As far as my personal interpretation goes, I saw The Glow in part as a meditation on loneliness and trying to belong: As Brook bemoans being the only one of her kind, the nurse reminds her that everyone feels that way. On a wider scale Brook feels like a timeless figure from mythology who could slot into the Arthurian legends, and when she meets a failed academic (Akinade) in the 1970s, he's found multiple references to the mystery woman in art and literature over the centuries, and sees the different ways she's depicted as a mirror of the times†.

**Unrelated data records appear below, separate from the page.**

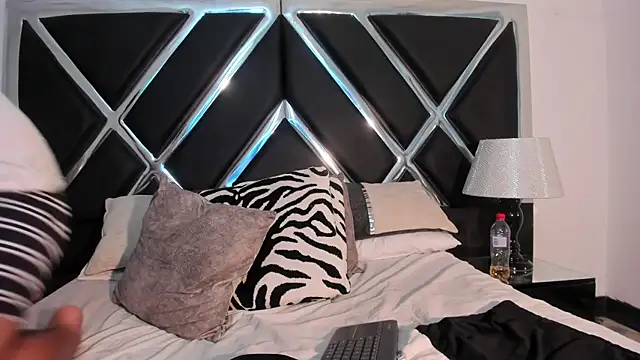 ZeusSmithhのライブXXXチャット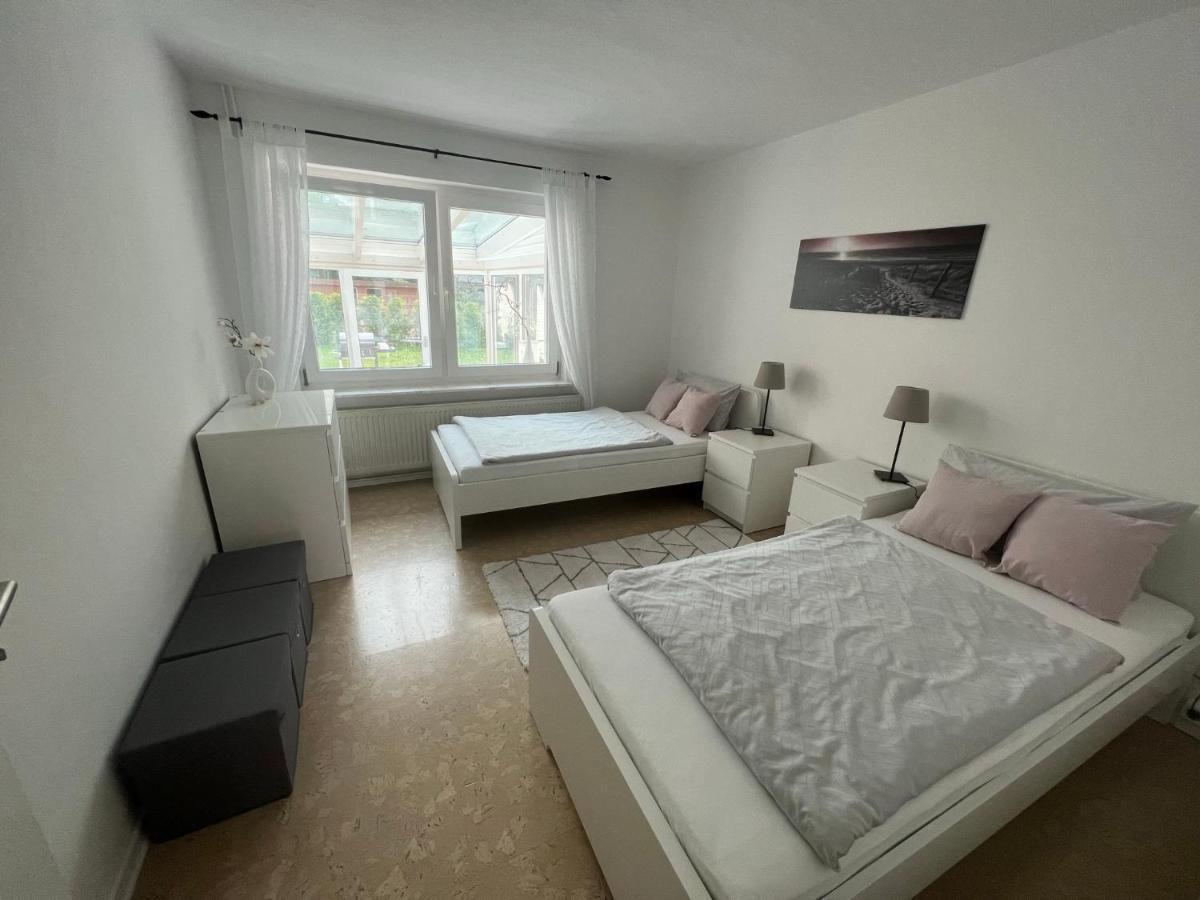 Familienfreundliche Ferienwohnung Mit Wintergarten Badow المظهر الخارجي الصورة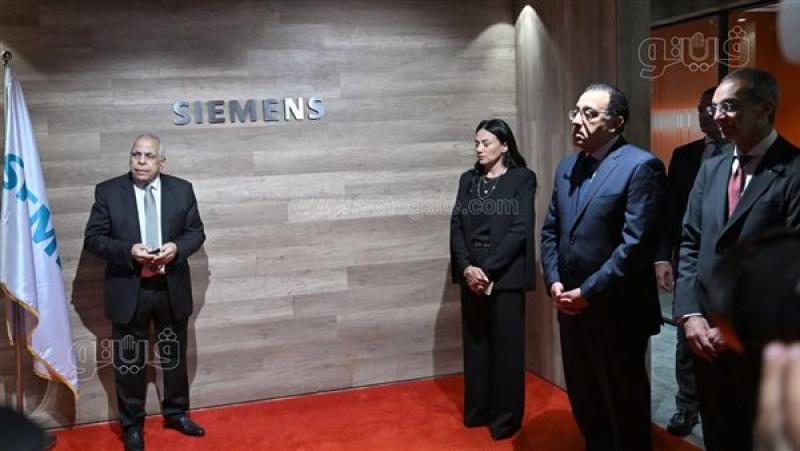 رئيس الوزراء يتفقد شركة سيمنز المتخصصة في تطوير برمجيات الصناعات الرقمية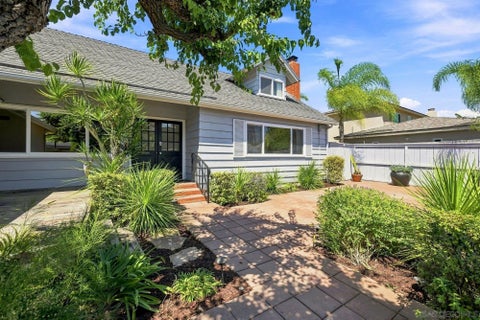 Photo of 2790 Palomino CIR, La Jolla, CA 92037 (MLS # 260022127)
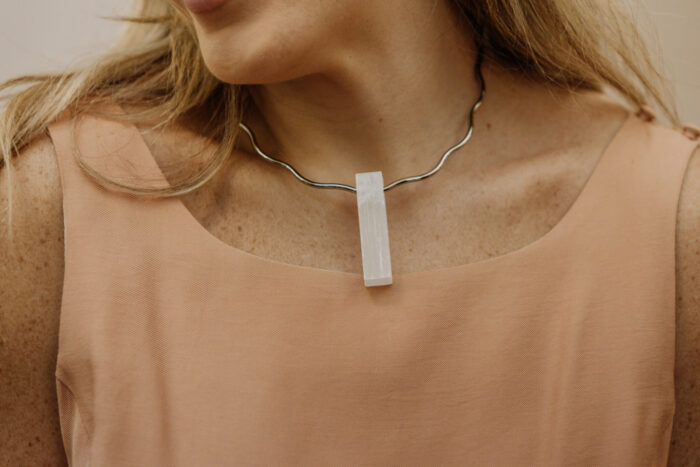 Choker Ondulada Selenita Prateado - Imagem 1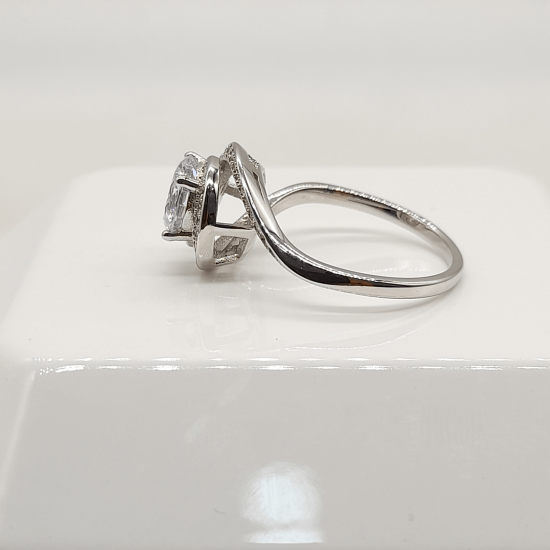 925 sterling siver engagement ring 7 925 sterling siver engagement ring 7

So a further interpretation could be of Brook as a symbol and barometer of the nation, and The Glow as a look at when an abstract symbol has to navigate reality - one thing the play isn't short of is opportunities for discussion and interpretation‡. Richard, who often gets annoyed when shows get too surreal, also really liked The Glow: Regardless of the amount I've written about it it's surely best seen knowing as little about it as possible, so writer, cast and creatives can screw with your mind and expectations as much as they clearly relish doing.

The Glow by Alistair McDowell is booking until the 5th of March at the Royal Court's Jerwood Theatre Downstairs.

Running time: 2 hours including interval.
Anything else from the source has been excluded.